_Provided entries_
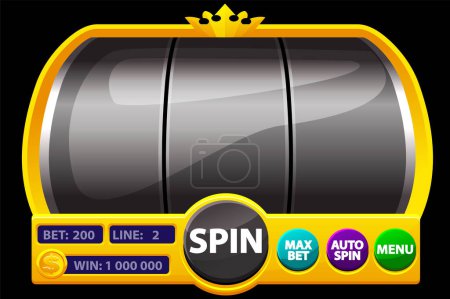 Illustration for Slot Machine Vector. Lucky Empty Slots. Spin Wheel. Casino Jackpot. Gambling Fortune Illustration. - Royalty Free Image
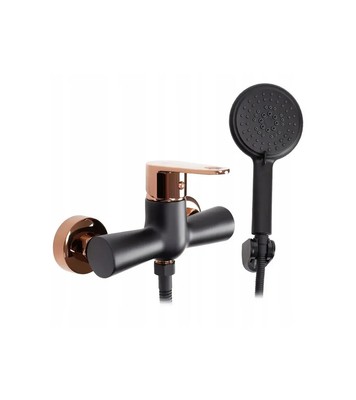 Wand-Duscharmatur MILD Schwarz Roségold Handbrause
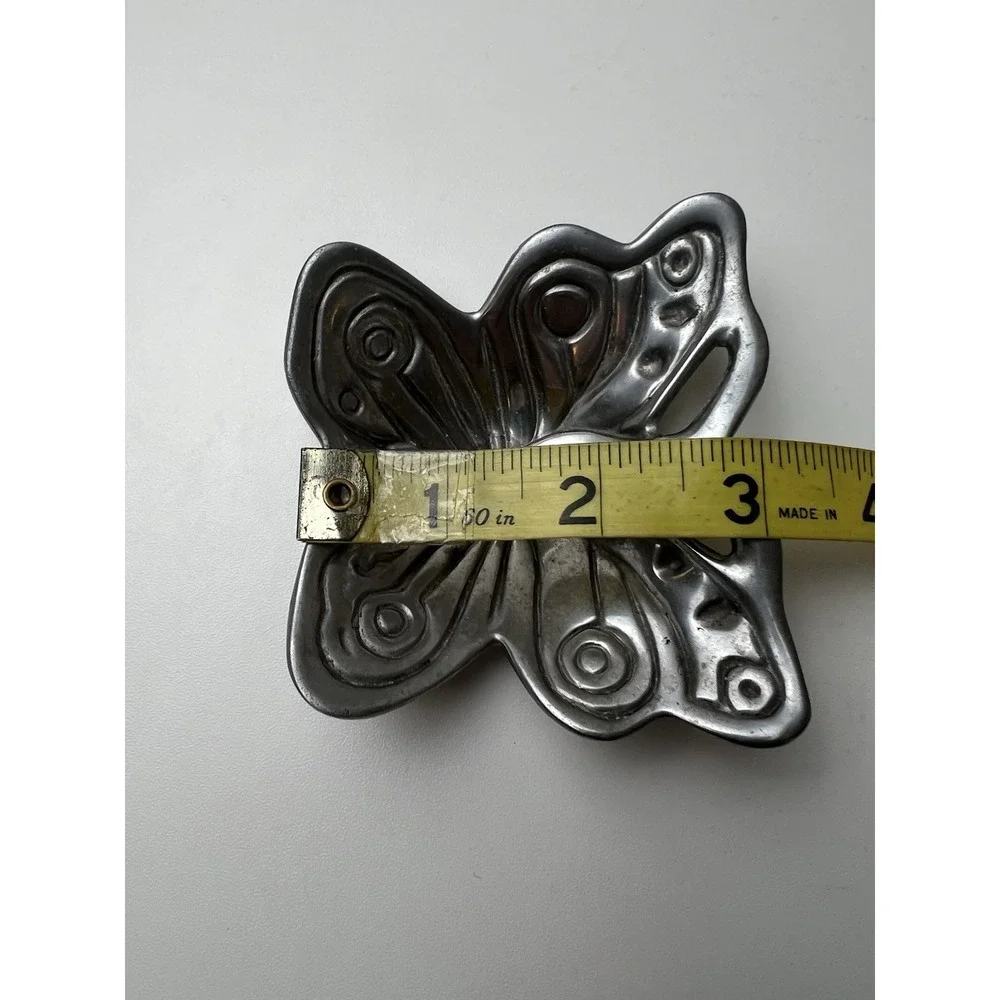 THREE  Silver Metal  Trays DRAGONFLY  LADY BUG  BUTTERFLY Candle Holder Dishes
---
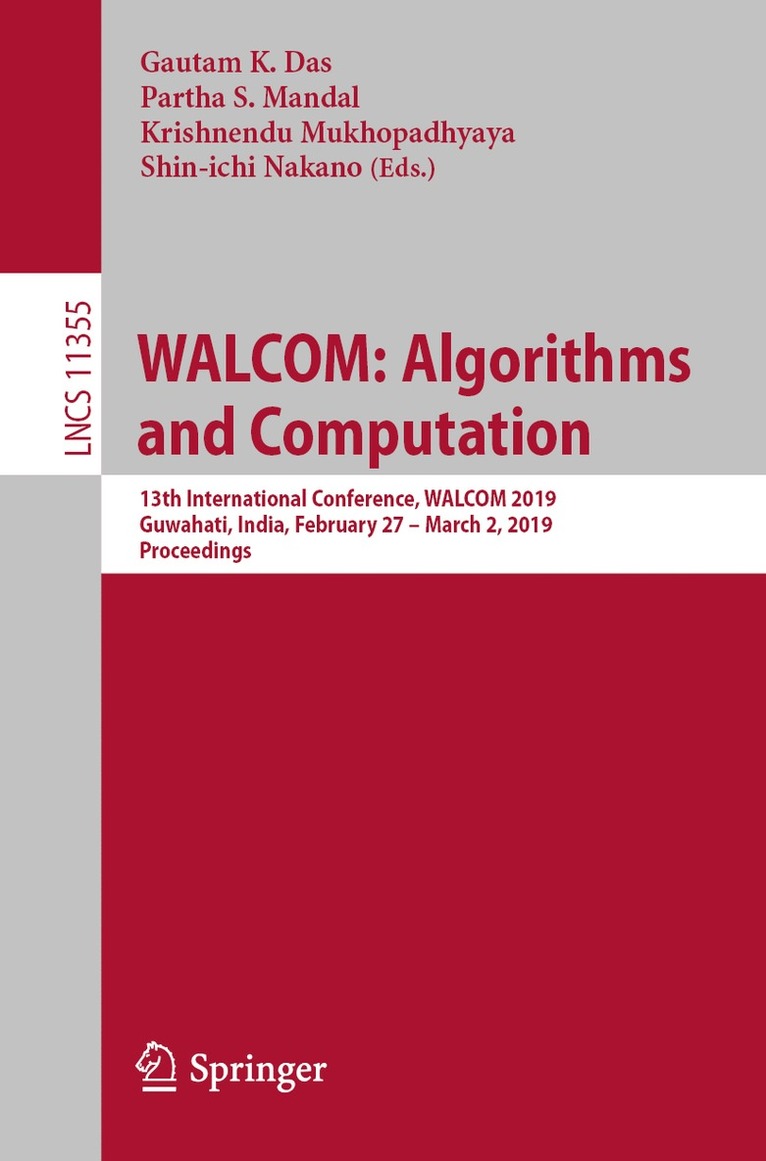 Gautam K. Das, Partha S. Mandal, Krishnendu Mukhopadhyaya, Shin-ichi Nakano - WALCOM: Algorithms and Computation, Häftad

_Aim of the exercise_
From the records above, copy only the lines running from the line containing "Wand-Duscharmatur MILD Schwarz" to the line containing "Candle Holder Dishes", both ends included. Leave the pictures out.

_Response box_
 Wand-Duscharmatur MILD Schwarz Roségold Handbrause
 THREE  Silver Metal  Trays DRAGONFLY  LADY BUG  BUTTERFLY Candle Holder Dishes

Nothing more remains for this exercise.